Qualquer partido de esquerda sabe, e o próprio Hugo Chávez tanto insiste, que a revolução duradoura depende do esclarecimento da massa, da difusão das verdades do mundo. A política real depende do povo atuando, com consciência de quem realmente produz o mundo, planta a comida, constrói as casas. De que um homem não faz mais do que outro homem, de que o dinheiro acumulado é falso, de que Maluf e Sarney não têm braço pra plantar nem barriga pra comer de todos os milhões de hectares de suas terras. Apesar de amigos jornalistas condenarem o meu uso do termo "verdade", sinto muita segurança em dizer que o princípio básico de esquerda é ESCLARECER A VERDADE para todos, e da direita MENTIR em benefício de poucos, SEMPRE, desde milênios atrás.
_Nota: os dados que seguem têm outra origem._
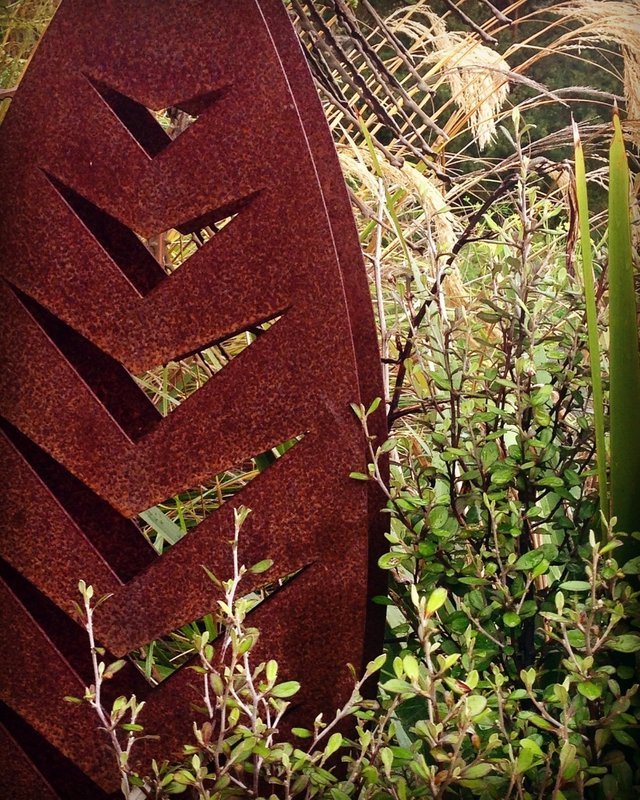 3D Corten Arrow Sculpture by Grounded Art NZ. Warm rusty hue of the steel contrast against the lush native NZ garden.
Por isso um autor ou revista de esquerda são tão claros de ler e ricos de dados, enquanto os de direita são recheados de ironias e falácias retóricas difíceis de processar. PODE COMPARAR, tente dissertar algo com validade lógica de um comentário do Arnaldo Jabor na Globo, pegue uma caneta e tente achar algum raciocínio sólido com causalidade/efeito e clareza "ecológica/epidemiológica/estatística/macroanalítica".
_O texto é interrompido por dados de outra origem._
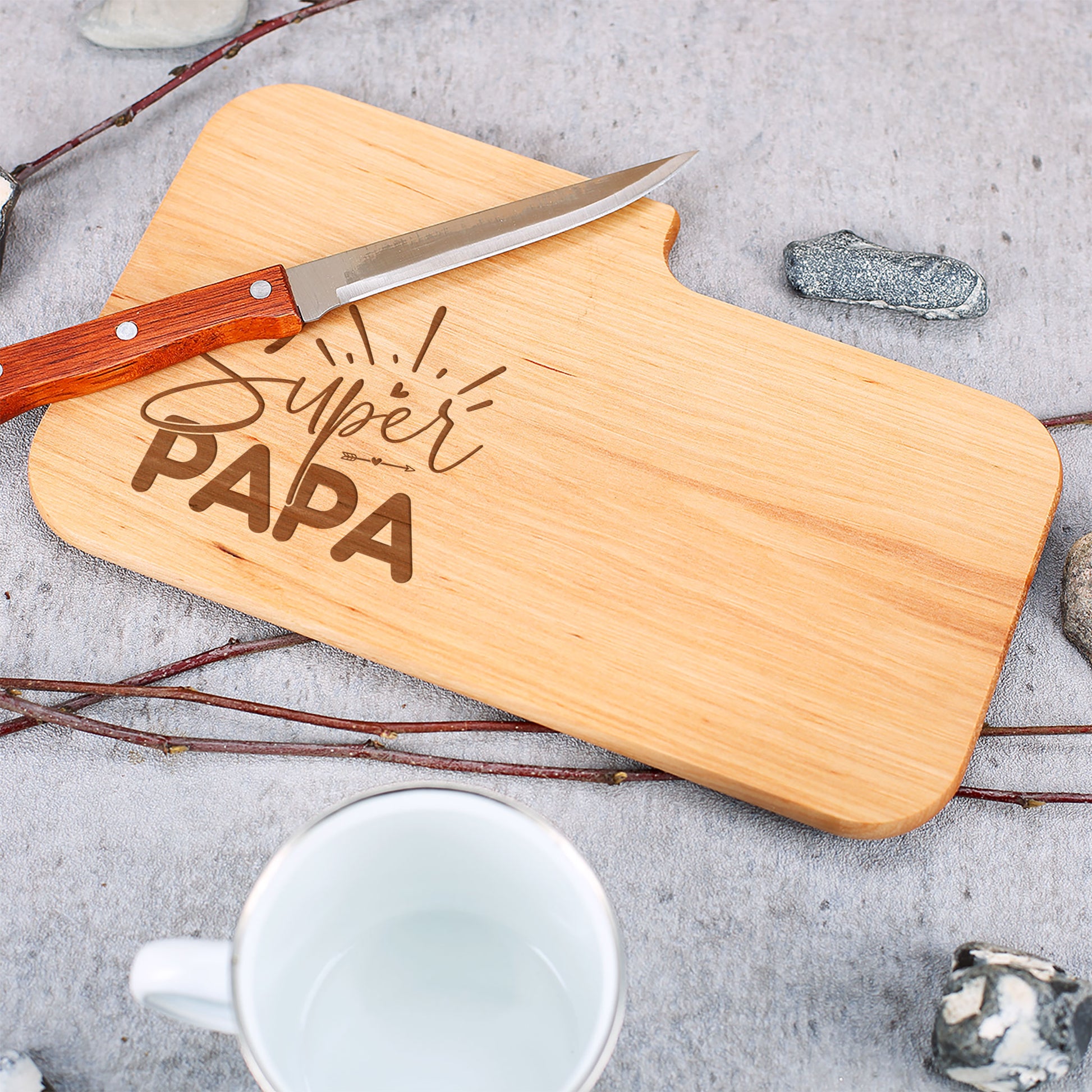 Detailaufnahme von Holzbrett mit Gravur Super Papa und Messer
Qualquer bom professor sabe que amizade com alunos é fundamental para o canal de informação ser estabelecido. Eu já percebi isso há tempos, mas o meu talento para ironia, crítica e raiva dificulta muito o processo de intercambio político. Chega a doer tentar sorrir em discussão com alguns colegas Economistas. E dói mesmo, pois é um contrassenso prezar pela VERDADE científica e política e usar da FALSIDADE para ser amistoso a pobres colegas educados para o mercado. Tenho a consciência de grupo de que a pessoa alienada não tem culpa, o sistema desinforma para ser de direita mesmo, mas na hora da conversa a RAIVA aflora e a FALSIDADE se faz necessária. E remoendo esse sofrimento que me dei conta que talvez esta seja uma luta real e produtiva a ser travada. Não a etapa da falsidade, mas antes dela.
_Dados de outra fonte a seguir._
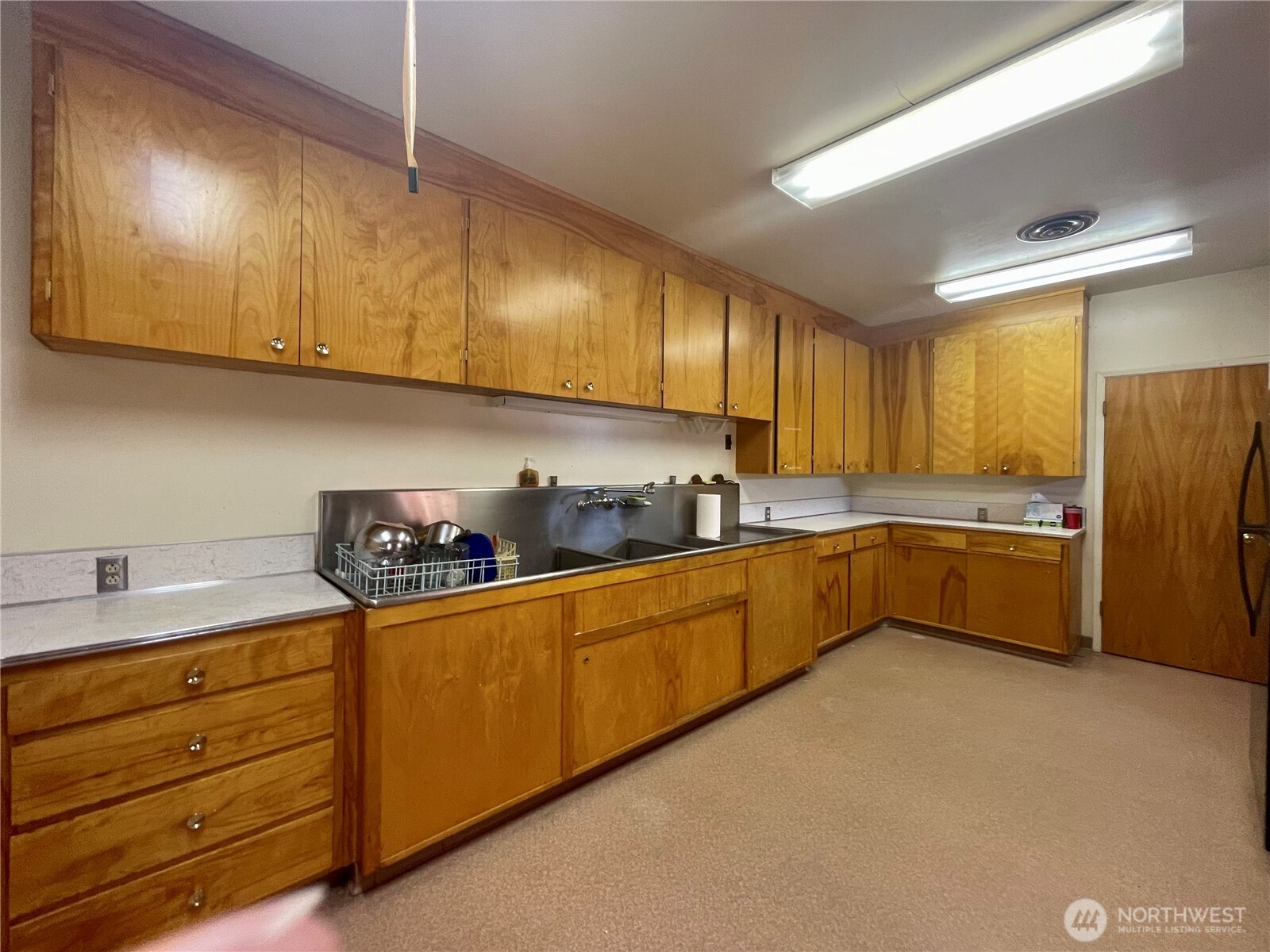 138 Range Street Hartline, WA 99135 - Photo 20 of 34 a kitchen with granite countertop a sink cabinets and stainless steel appliances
Se a salvação do mundo é o conhecimento real, honesto; se a via da raiva não funciona na difusão em micro ou macro escala; e se a falsidade dói e não convence; então resta mergulhar de cabeça na causa, com visão coletiva. Resta ao "esquerdista" a via da bondade honesta e carismática, paciente, sem truques. Repito, BONDADE, HONESTA. Manter os canais de diálogo fáceis e abertos, manter as posições políticas sem ódio ao desavisado, com visão de longo prazo. Fazer da vida uma jornada pessoal de distribuição de visão e amor sociais. Que nem a de Jesus na historinha, mas esclarecendo que milagres não existem.